Tag Archives: home

12 January: Sitting by the fire.

In centrally heated, 21st Century England it’s easy to forget how comforting a fire can be. Not to mention how much work one can entail. This little 1880s house once had three hearths downstairs – one for the kitchen which was to heat the servant girl’s room above. The other two bedrooms each had a fireplace. Plenty of work hauling all that coal up and ashes down the stairs. No more of that, but we can relax around the woodburning stove, or once a year, by this thermally inefficient open fire.

In 1806 Mary Lamb was writing to her younger friend, Sarah Stoddard, who had a few major family and personal matters to sort out at some distance from London, before Rowland Hill’s Penny Post made letter writing cheap and reliable.

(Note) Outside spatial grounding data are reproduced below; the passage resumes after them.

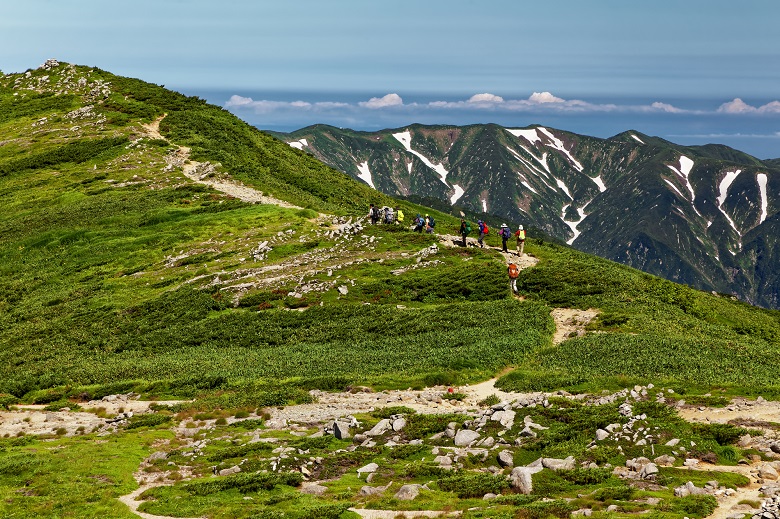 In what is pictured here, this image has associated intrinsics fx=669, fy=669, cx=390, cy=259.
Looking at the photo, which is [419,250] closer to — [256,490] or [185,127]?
[256,490]

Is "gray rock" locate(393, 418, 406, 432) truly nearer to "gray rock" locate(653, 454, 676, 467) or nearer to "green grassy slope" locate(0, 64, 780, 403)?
"green grassy slope" locate(0, 64, 780, 403)

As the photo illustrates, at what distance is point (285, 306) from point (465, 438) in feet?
99.3

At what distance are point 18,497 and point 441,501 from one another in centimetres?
1422

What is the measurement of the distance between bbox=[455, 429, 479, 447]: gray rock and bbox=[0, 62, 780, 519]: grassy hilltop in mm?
1528

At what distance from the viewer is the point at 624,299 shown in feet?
159

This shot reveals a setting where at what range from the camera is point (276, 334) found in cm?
4881

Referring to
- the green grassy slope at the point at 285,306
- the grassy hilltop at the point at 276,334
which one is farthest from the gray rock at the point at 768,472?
the green grassy slope at the point at 285,306

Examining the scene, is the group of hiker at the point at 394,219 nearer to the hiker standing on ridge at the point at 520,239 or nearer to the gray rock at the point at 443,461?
the hiker standing on ridge at the point at 520,239

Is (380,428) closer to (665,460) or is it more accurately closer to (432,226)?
(665,460)

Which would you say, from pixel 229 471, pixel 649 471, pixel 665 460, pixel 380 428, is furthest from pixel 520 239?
pixel 229 471

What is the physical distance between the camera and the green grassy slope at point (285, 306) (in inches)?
1505

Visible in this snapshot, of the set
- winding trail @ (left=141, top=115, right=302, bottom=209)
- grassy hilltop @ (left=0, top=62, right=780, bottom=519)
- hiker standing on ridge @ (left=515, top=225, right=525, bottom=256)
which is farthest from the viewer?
winding trail @ (left=141, top=115, right=302, bottom=209)

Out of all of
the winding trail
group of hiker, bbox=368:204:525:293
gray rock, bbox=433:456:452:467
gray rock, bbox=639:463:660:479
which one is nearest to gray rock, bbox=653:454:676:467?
gray rock, bbox=639:463:660:479

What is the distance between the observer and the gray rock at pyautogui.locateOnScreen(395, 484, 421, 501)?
68.5 feet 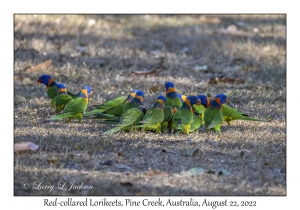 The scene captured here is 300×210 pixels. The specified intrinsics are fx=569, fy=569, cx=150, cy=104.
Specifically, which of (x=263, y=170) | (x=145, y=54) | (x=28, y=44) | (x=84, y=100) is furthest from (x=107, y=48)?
(x=263, y=170)

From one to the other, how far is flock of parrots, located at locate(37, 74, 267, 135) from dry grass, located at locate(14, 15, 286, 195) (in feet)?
0.42

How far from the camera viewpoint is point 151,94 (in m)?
7.97

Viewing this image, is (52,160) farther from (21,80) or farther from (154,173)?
(21,80)

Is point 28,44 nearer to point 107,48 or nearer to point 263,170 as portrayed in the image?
point 107,48

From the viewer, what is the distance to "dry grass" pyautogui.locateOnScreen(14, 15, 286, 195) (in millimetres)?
4781

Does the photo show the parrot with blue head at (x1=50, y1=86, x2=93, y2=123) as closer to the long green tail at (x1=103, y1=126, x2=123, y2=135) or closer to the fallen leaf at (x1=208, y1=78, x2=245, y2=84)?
the long green tail at (x1=103, y1=126, x2=123, y2=135)

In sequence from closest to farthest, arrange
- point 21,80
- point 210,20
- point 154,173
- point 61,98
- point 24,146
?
point 154,173 < point 24,146 < point 61,98 < point 21,80 < point 210,20

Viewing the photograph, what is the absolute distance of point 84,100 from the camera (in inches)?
257

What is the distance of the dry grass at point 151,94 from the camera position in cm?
478

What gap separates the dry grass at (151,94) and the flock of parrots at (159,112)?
129 millimetres

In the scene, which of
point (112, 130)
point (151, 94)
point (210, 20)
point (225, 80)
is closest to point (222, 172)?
point (112, 130)

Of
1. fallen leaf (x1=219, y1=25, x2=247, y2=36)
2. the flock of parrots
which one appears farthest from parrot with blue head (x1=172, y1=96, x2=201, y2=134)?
fallen leaf (x1=219, y1=25, x2=247, y2=36)

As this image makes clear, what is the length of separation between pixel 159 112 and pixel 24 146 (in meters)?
1.49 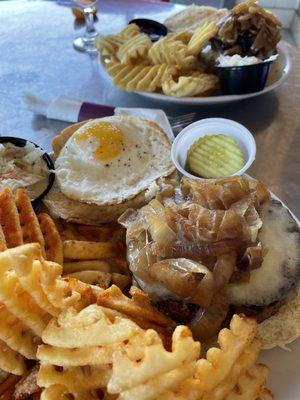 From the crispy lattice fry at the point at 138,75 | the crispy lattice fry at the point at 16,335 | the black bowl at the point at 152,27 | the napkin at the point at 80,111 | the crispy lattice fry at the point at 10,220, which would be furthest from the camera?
the black bowl at the point at 152,27

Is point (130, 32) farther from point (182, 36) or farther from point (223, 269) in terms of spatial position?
point (223, 269)

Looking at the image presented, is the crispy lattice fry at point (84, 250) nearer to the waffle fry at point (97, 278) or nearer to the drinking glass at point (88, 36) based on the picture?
the waffle fry at point (97, 278)

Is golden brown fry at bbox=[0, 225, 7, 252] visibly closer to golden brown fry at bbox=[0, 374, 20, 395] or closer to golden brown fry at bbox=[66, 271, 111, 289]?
golden brown fry at bbox=[66, 271, 111, 289]

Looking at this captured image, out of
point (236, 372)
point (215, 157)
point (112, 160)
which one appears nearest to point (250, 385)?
point (236, 372)

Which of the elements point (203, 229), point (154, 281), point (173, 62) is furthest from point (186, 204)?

Do write soon: though I write all about myself, I am thinking all the while of you, and I am uneasy at the length of time it seems since I heard from you … and this second winter makes me think how cold, damp, and forlorn your solitary house will feel to you. I would your feet were perched up again on our fender.

The fender is a low barrier between the fireplace and the floor of the room, often at a good height for warming the toes.

This story made me wonder how often the one who came to bring fire to the earth sat around an open fire with his disciples, how much of his more intimate teaching was given that way. I shall have to re-imagine some of the Gospel passages next time they come up.

Mary Lamb to Sarah Stoddard, 14 March 1806, The Letters of Charles and Mary Lamb, 1796-1820, edited by E. V. Lucas.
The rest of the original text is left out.